Taking what I learned from that I wanted to experiment with making my own flavors of cakes. The issues start to arise when you start swapping ingredients you want to make sure you’re swapping like for like. You can still have issues with how the different ingredients interact. They might have more liquid, they might have different pH, they might add too much salt, and so on but that’s what experimentation is all about.

The next  and MAJOR step in this cakes evolution was when I purchased a copy of Stella Parks new cookbook Bravetart. The very first recipe I picked to make from her book was the one I have had the most problems with; the peanut butter cookie. Often this cookie comes out hard and, in my opinion, not sweet enough. It was the first step that caught my attention. It was making Honey-Roasted Peanut Flour. Now, anyone who loves to bake probably already knows about nut flours and how great they can be but good luck finding niche nut flours like honey-roasted peanut flour. What’s great is Stella makes this so simple! Take all-purpose flour and put it in a food processor add the desired nut and pulse until all the contents are the same texture. Presto! Honey-Roasted Peanut Flour! I have to tell you the smell is AMAZING! Oh, and if you were wondering the cookies turned out amazing!

Armed with Honey-Roasted Peanut Flour as a technique I knew what I had to try. A peanut cake! And if you’re going to make a peanut cake there is only one sensible option to frosting, chocolate. So, as I dug through Stella’s cookbook I came across her recipe for White Cake. This struck me as a great canvas to manipulate into my idea of a peanut cake. As I was debating about how much peanut to swap in place of flour I discovered that at the end of the recipe she offered a guide for adding hazelnuts. This eliminated the guess work and all I had to do was use peanuts instead of hazelnuts.

Now it was time to merge everything I had learned from my Chefsteps Master Class and Bravetart’s recipe for the “nut” cake. This took a lot of swapping of ideas and techniques. first and foremost was adding the peanuts to the flour. Next, I knew I wanted to use roasted peanut oil as the bulk of the fat for this cake. I took the total of the coconut oil and butter and divided it in half, making have my fat the peanut oil and half the butter. This was to help round out the peanut flavor in the cake its self. The next part was the hardest… trying to figure out how much GMS to use in my cake. Neither, Chefsteps.com or Modernistpantry.com, offered a ratio for use in any cake recipe. What’s great though is that Chefsteps, Modernist Pantry, and Bravetart are all fantastic at responding to questions on Twitter. So I tweeted all of them and through a few back and forth’s we came to the conclusion that 2% of the weight of the flour being used was the way to go. My final alteration was the milk. In the White Cake recipe it calls for all buttermilk. However, one of the helpful tips in my masterclass was to add some of the liquid at the very end warmed. This lead me to use both milk and buttermilk, adding the warmed milk at the end.
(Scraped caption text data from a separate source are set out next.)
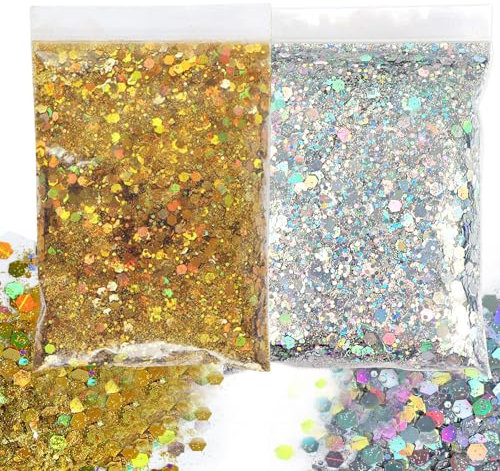 SNONESIY Glitzer Basteln Glitzerpulver 100g (50g Gold + 50g Silber) - Bastelglitzer, Glitter, Silber, Gold, 100g
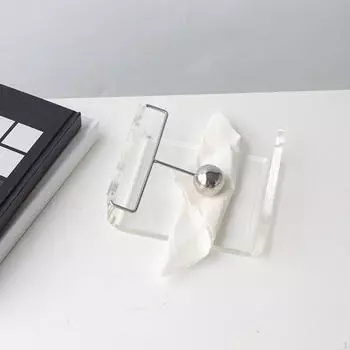 Акриловый держатель для салфеток Trnsparent Modern для бумажных салфеток Настольный диспенсер с нержавеющей сталью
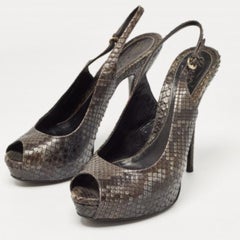 Gucci Two Tone Python Sofia Peep Toe Slingback Pumps Size 40.5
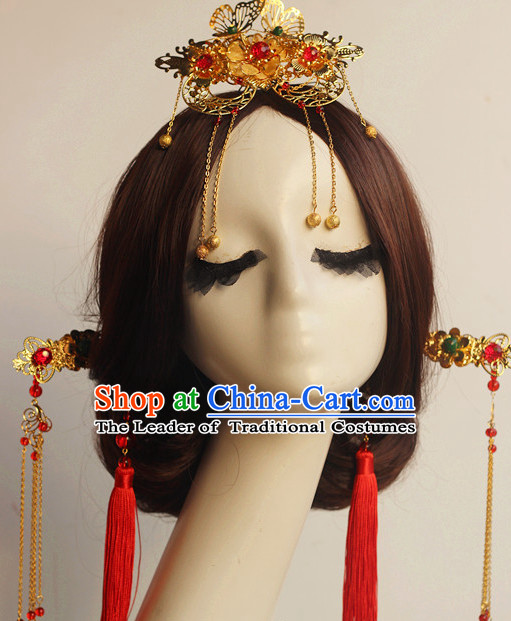 Top Chinese Traditional Wedding Bridal Crown Headpieces Hair Jewelry Bridal Hair Clasp Hairpins Set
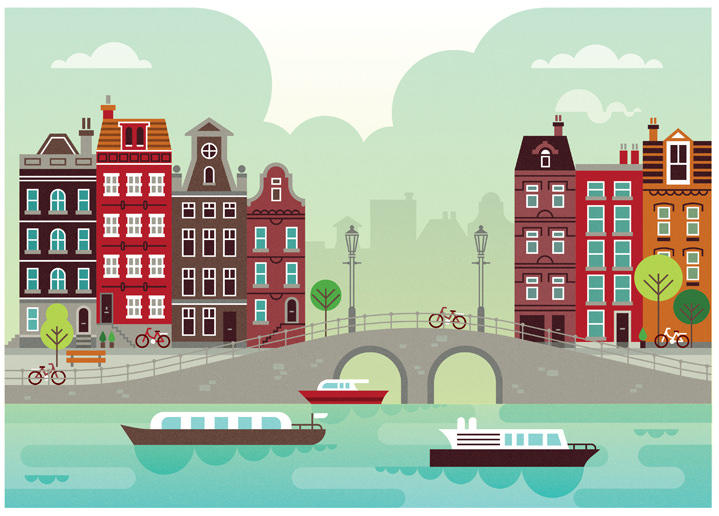 Parko Polo, cityscape of amsterdam in a bold an minimal style 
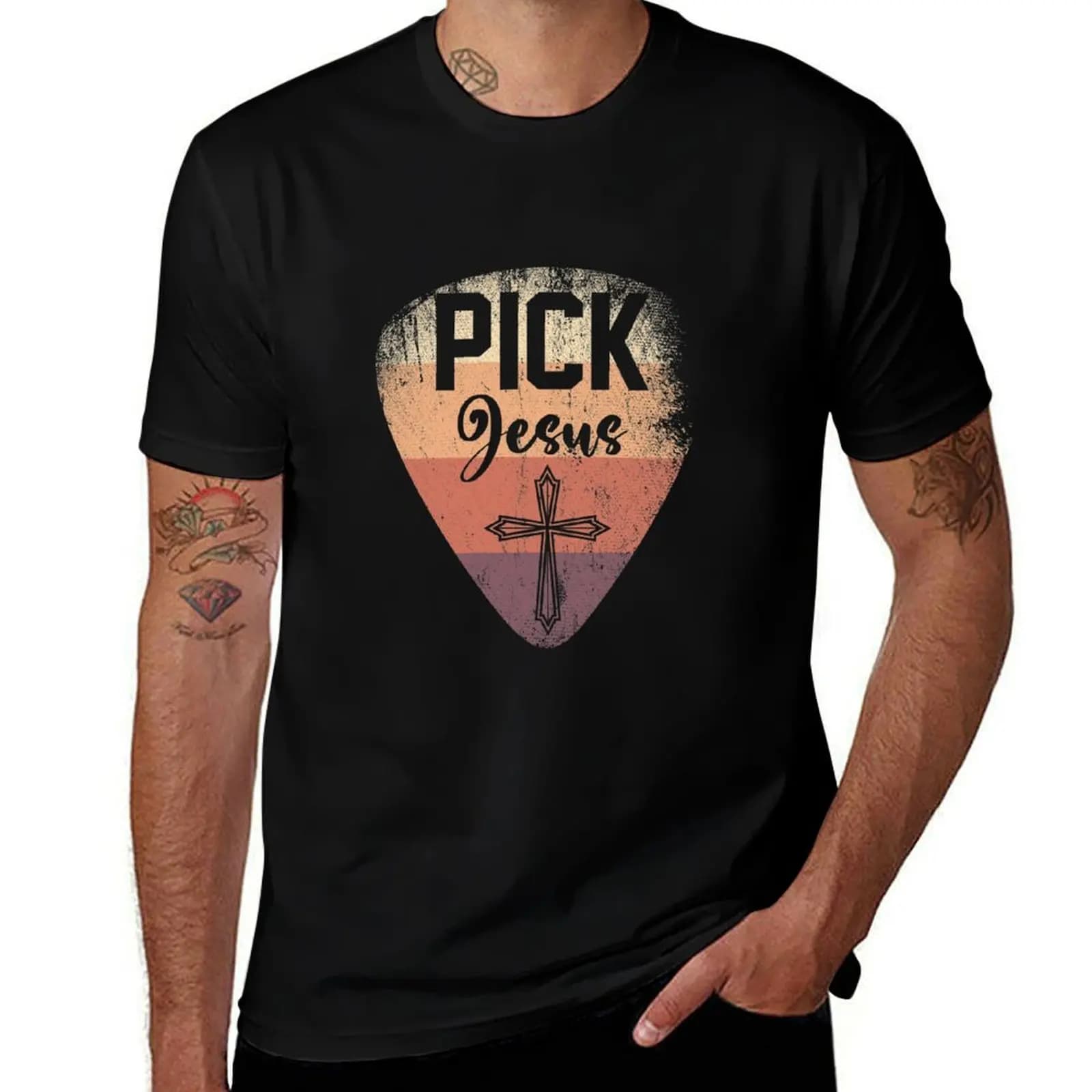 Retro Guitar Pick Jesus T-Shirt Halloween Theme T-Shirt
So to recap I took what I am sure is a fantastic recipe to begin with and changed the flour, the fat, the milk and added a new chemical component. If that’s not experimenting I don’t know what is! I put my cake in the oven and waited. It baked for nearly 45 minutes. When it finally hit 205ºF (another tip I learned from Chefsteps and also is called out in Bravetart, although she recommends 210ºF) I took the cake out of the oven. OMG the smell was heavenly. This sweet honey and peanut smell wafting through the kitchen. It took everything in us for my husband and I not to just eat the cake!
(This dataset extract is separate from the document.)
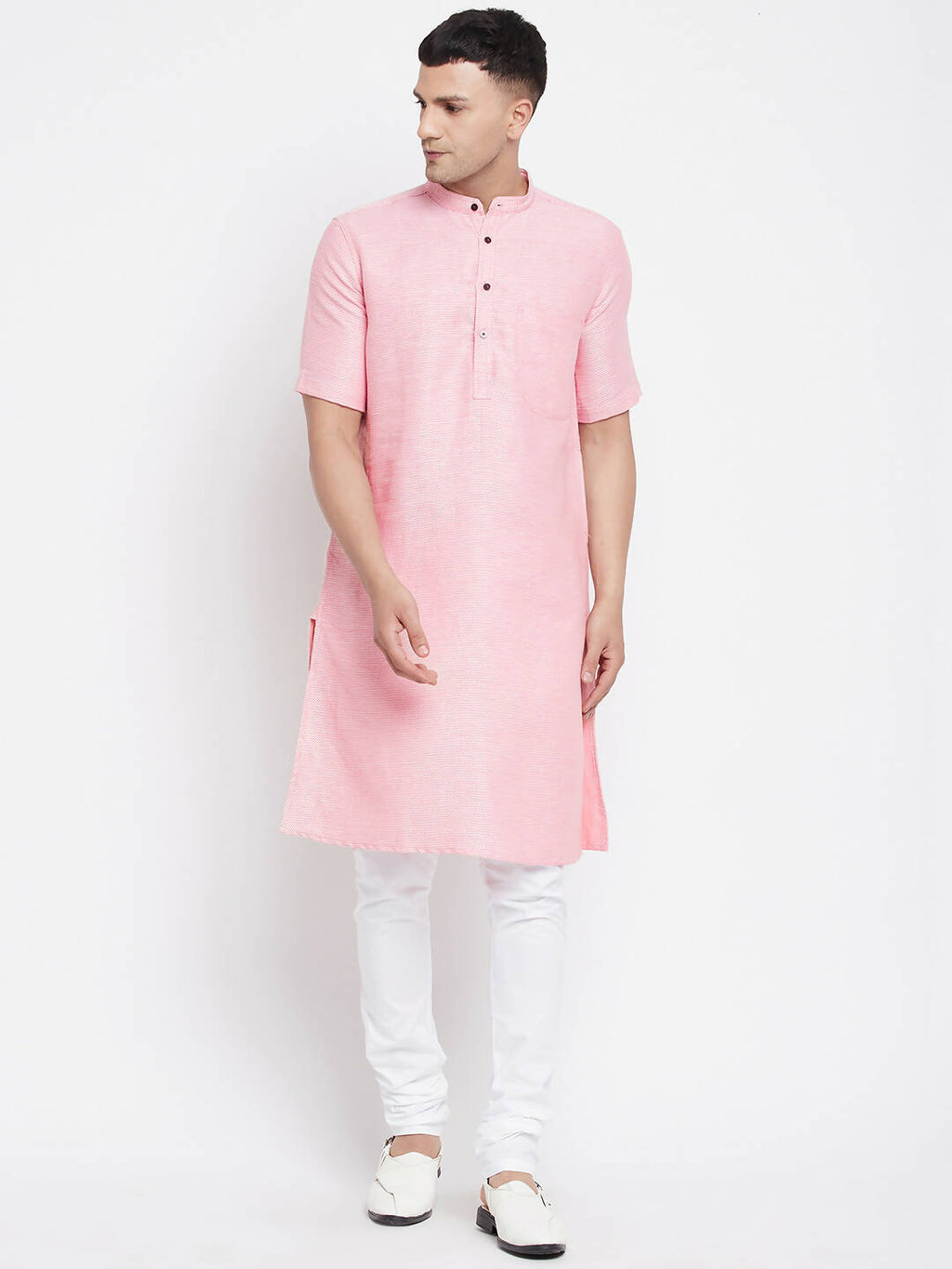 Even Apparels Pink Pure Cotton Men's H/S Kurta With Band Collar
Now I needed to come up with a delicious peanut filling and a chocolate icing. The peanut filling I finally settled on was one from The Dahlia Bakery Cookbook. In it they had a Peanut Butter Sandwich Cookie and I remembered filling was easy and delicious.  However, before I could make fillings I needed to make my Chocolate icing. In Bravetart she had a few and I finally settled on the Marshmallow Buttercream with the Dark Chocolate variation she offers up in the “mix it up” section following the recipe. I should say that I have been a recent convert to Italian Buttercream, so when I read about her marshmallow buttercream I was curious enough to try. When I set out to make the frosting my husband was helping me in the kitchen. Since I joke he’s the science guy of the household I put him on the last of making the marshmallow cream. It took some doing but we ended up with a bowl of white goo. Somewhere along the way in making it something went wrong. Once it set up it was more like the beginnings of taffy than marshmallow. Trying to trust the recipe I dumped it into my kitchen aid with the whisk attachment and started it up to be able to start adding butter. They marshmallow was so tough it started to bend my whisk attachment! I had been able to add butter and as I did it started to get fluffy and more like frosting but there were all sorts of complications.
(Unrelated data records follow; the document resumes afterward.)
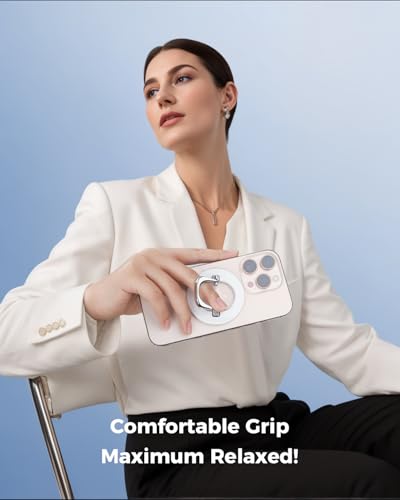 Image of SUPERONE MagSafe Phone Grip, Magnetic Phone Ring Holder & Adjustable Stand | Removable Magsafe Phone Ring Holder and Kickstand, Compatible with iPhone 17-12 Series and MagSafe Case, Accessories - White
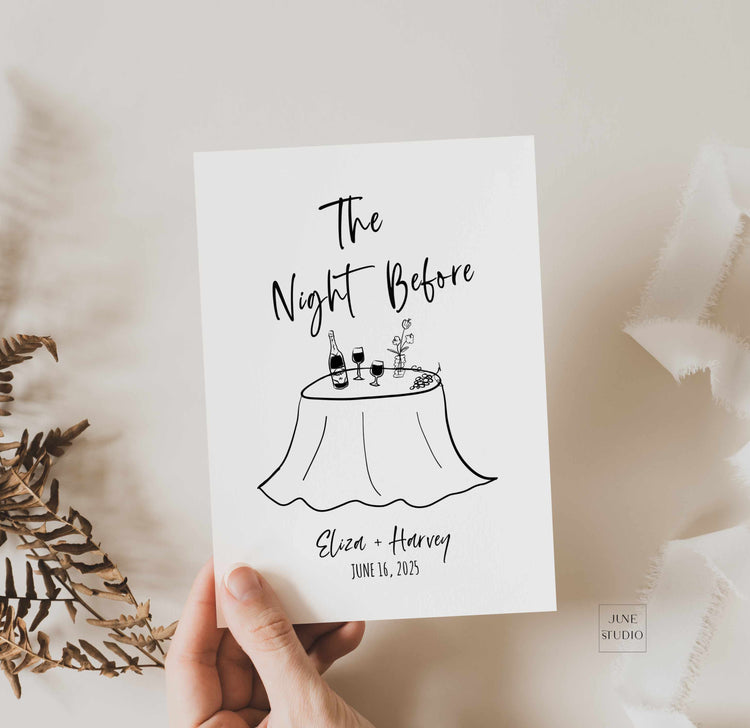 dinner table illustrated the night before weddng invitation, hand written illustrated rehearsal wedding invite digital template, printable DIY wedding stationery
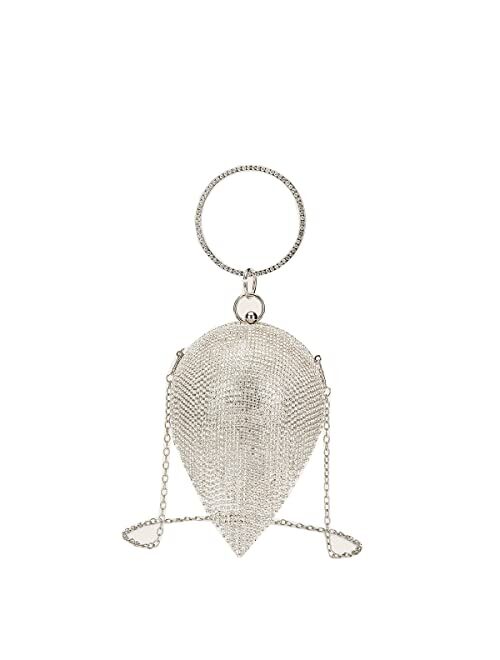 LETODE Diamond Tassel Ball Shape Clutch Purse Party Handbag Rhinestone Ring Handle Evening Bag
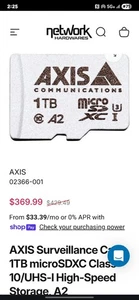 1TB micro SDXC Memory Card Communications Axis Surveillance UHS-I - Picture 1 of 3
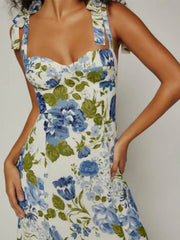 LIZAKOSHT - Women Tide Bow Strap Midi Dress Corset Style A line Sleeveless Beach Holiday Robe Retro French Style White Blue Flower Print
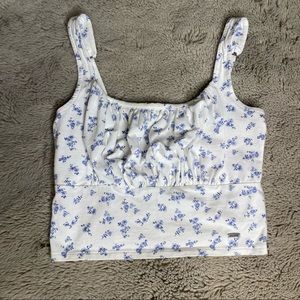 Blue floral crop top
I jumped on Twitter and shot Bravetart a question about what might have gone wrong. Stella was amazing! She and I must have been going back and forth for a while. In the end I think the issue was two-fold. One I think the mixture was over cooked because it took nearly twice as long as the recipe said it would to hit the target temperature and secondly my mixer I was using to whip it was an older kitchen aid that just didn’t seem to have the oomph to get air into the mixture.

With a lot of creative trouble shooting we finally ended up with something the resembled frosting. Now it was time to add the chocolate. I started with a lower amount of chocolate but just wasn’t getting the color I wanted so I kept adding more. I think in the end I mist have added about 12-14 ounces of chocolate to the frosting and it was still looking more “milk” chocolate than “dark”. The biggest issue was that adding all this melted chocolate cause my frosting to get too soft. I ended up putting the whole thing into the fridge, let it get pretty firm and whipped it again. At that point I finally had a good consistency for frosting.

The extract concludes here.